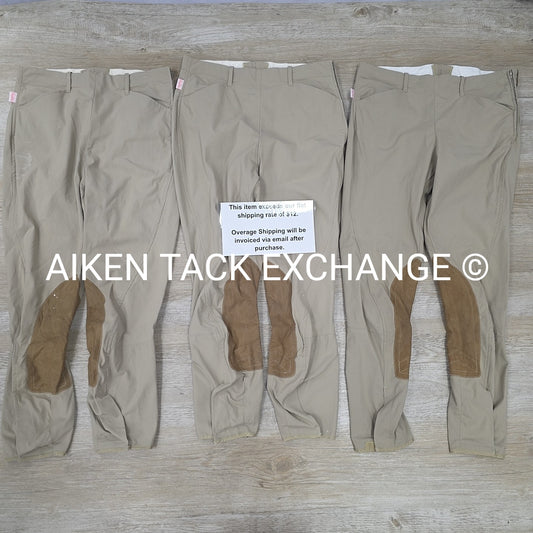 BARGAIN BUNDLE: 3 Pairs Tailored Sportsman Side Zip Knee Patch Breeches, Size 32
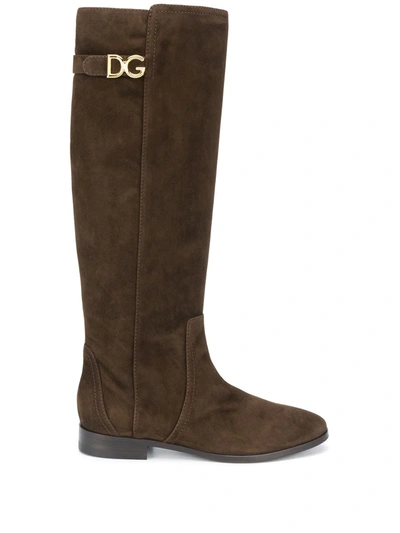 Dolce & Gabbana Logo Detail Boots In Brown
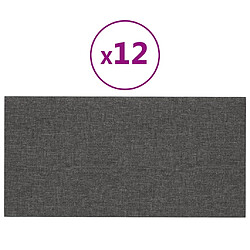 vidaXL Panneaux muraux 12 pcs Gris foncé 60x30 cm Tissu 2,16 m²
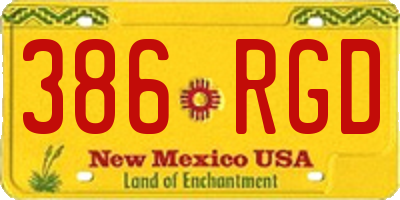 NM license plate 386RGD
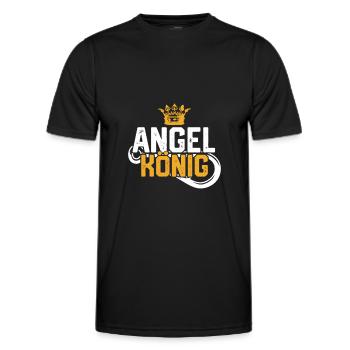 Angelkönig Fischen Angeln Lustiges Angler Geschenk - Männer Funktions-T-Shirt - Schwarz - Vorne - AI Model Male 178 dark (178cm)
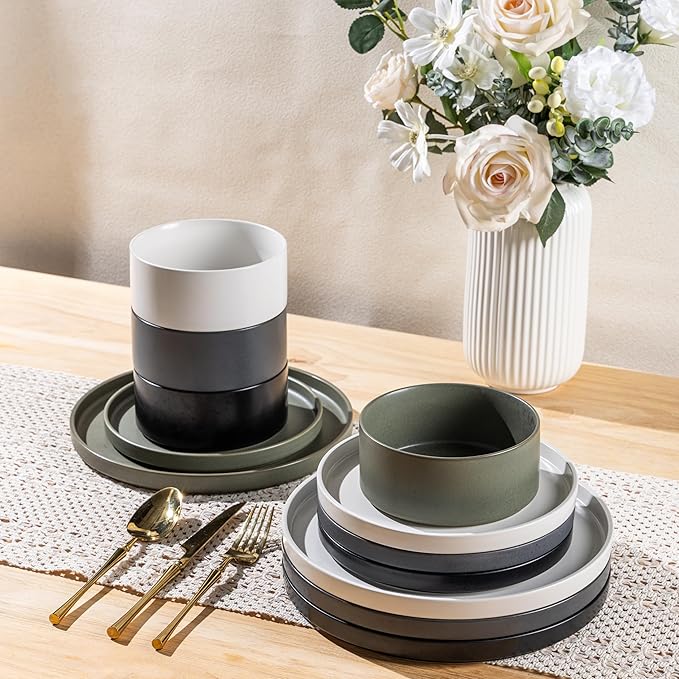 GBHOME Ceramic Dinnerware Sets for 8, Stoneware Plates and Bowls Sets,Chip and Scratch Resistant Dishes,Dishwasher & Microwave& Oven Safe Dishes sets,Reactive Glaze-Colorful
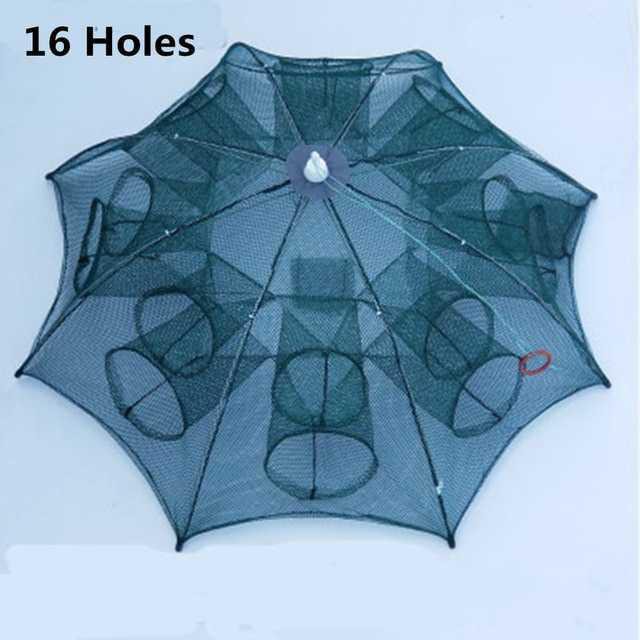 Jaring Pancing Ikan Udang Automatic Fold Umbrella Fishing Net 16 Holes [Multi Warna]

• **EXERCISE OBJECTIVE**
Produce a verbatim copy of every entry, excluding pictures.

• **FINISHED TASK**
 BARGAIN BUNDLE: 3 Pairs Tailored Sportsman Side Zip Knee Patch Breeches, Size 32
 Dolce & Gabbana Logo Detail Boots In Brown
 vidaXL Panneaux muraux 12 pcs Gris foncé 60x30 cm Tissu 2,16 m²
 NM license plate 386RGD
 Angelkönig Fischen Angeln Lustiges Angler Geschenk - Männer Funktions-T-Shirt - Schwarz - Vorne - AI Model Male 178 dark (178cm)
 GBHOME Ceramic Dinnerware Sets for 8, Stoneware Plates and Bowls Sets,Chip and Scratch Resistant Dishes,Dishwasher & Microwave& Oven Safe Dishes sets,Reactive Glaze-Colorful
 Jaring Pancing Ikan Udang Automatic Fold Umbrella Fishing Net 16 Holes [Multi Warna]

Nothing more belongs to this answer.